**About this exercise:** Starting from the line containing "Skoda Kamiq 1.5 TSI Style DSG - 5", give again every line through the end of the entries, word for word. Pictures stay out of the copy.

[Crawled caption data]
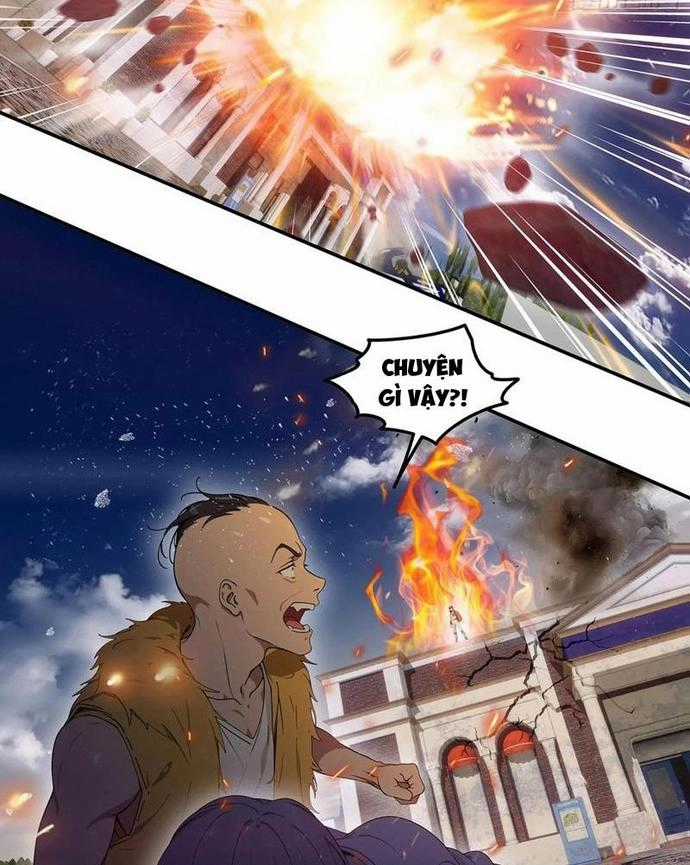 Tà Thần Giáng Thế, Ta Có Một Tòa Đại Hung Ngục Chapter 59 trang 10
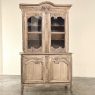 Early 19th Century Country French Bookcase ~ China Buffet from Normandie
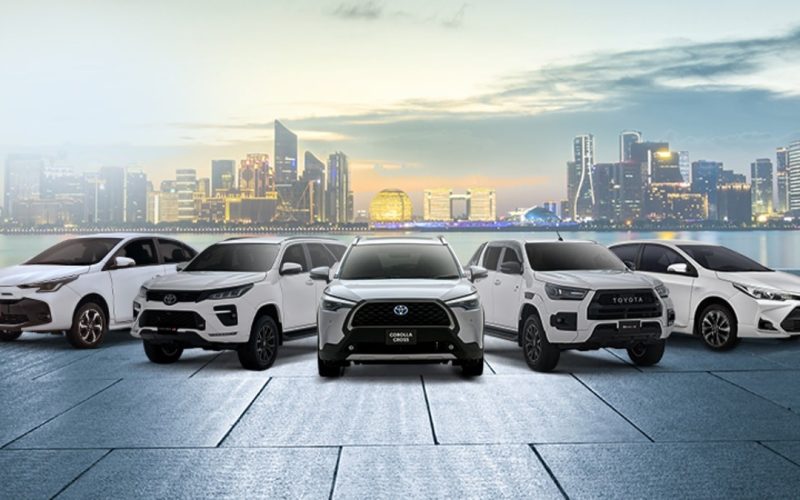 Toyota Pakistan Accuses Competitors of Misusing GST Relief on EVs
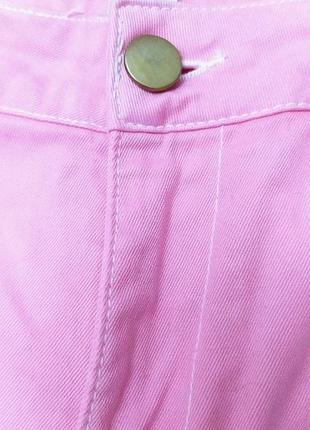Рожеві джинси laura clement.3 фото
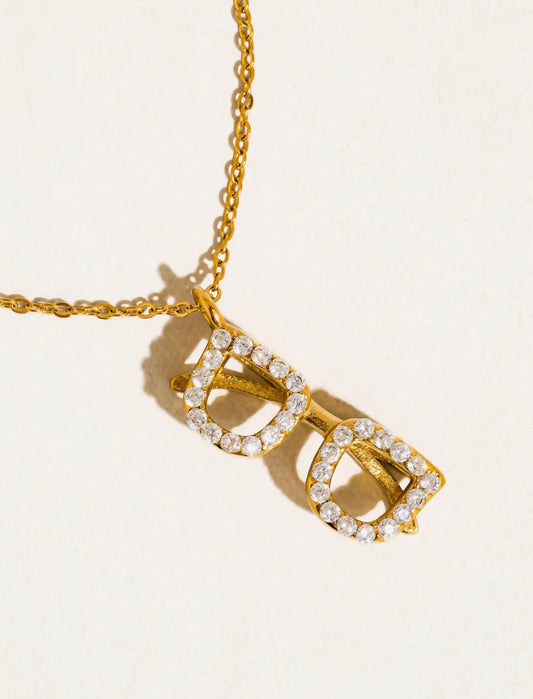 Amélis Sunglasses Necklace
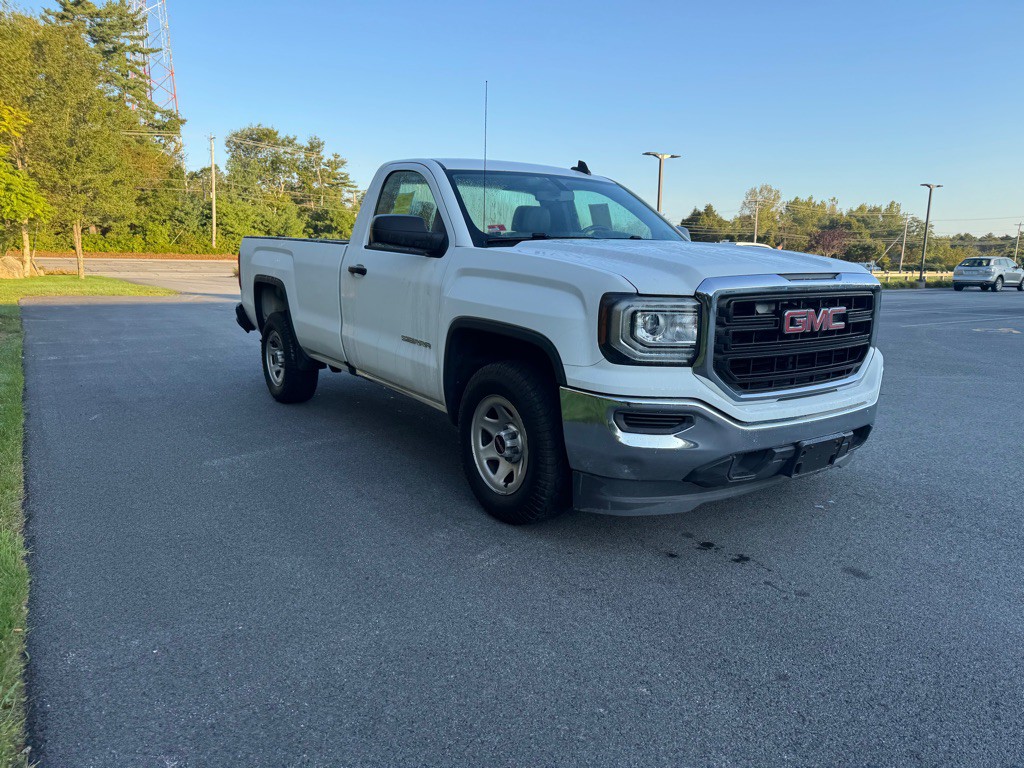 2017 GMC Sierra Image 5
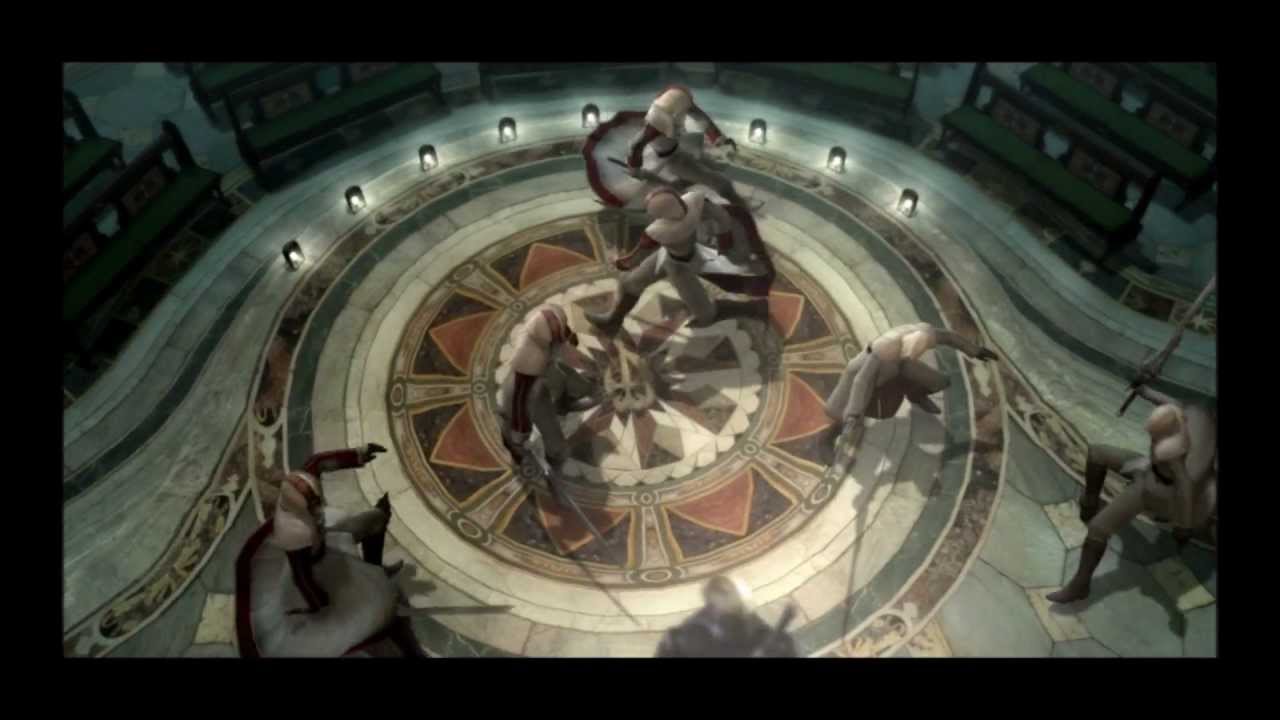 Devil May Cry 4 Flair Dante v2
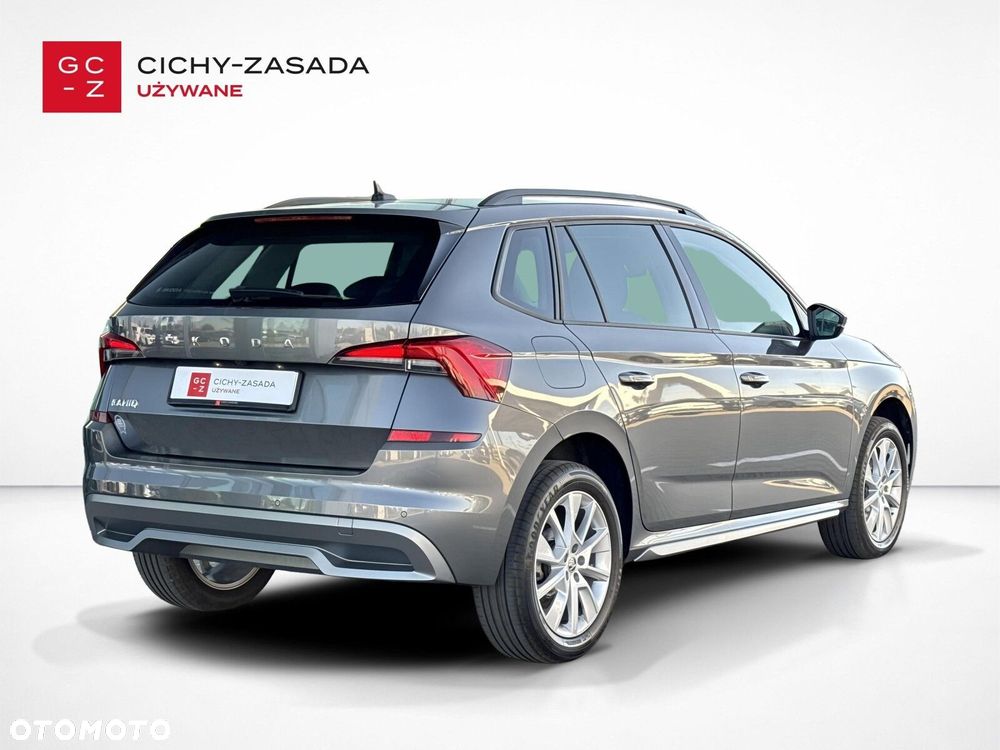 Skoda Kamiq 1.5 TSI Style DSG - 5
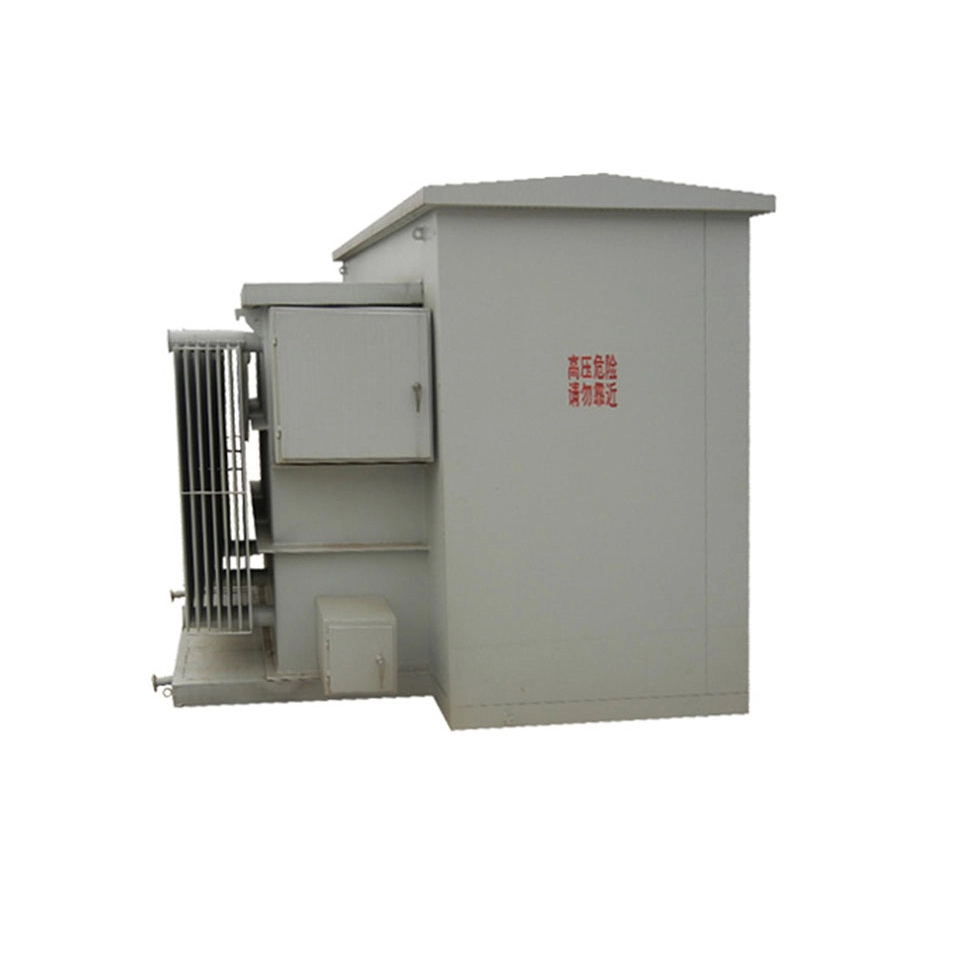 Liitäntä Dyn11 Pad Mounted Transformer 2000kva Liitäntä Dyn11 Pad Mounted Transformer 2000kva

**Completed task:**
 Skoda Kamiq 1.5 TSI Style DSG - 5
 Liitäntä Dyn11 Pad Mounted Transformer 2000kva Liitäntä Dyn11 Pad Mounted Transformer 2000kva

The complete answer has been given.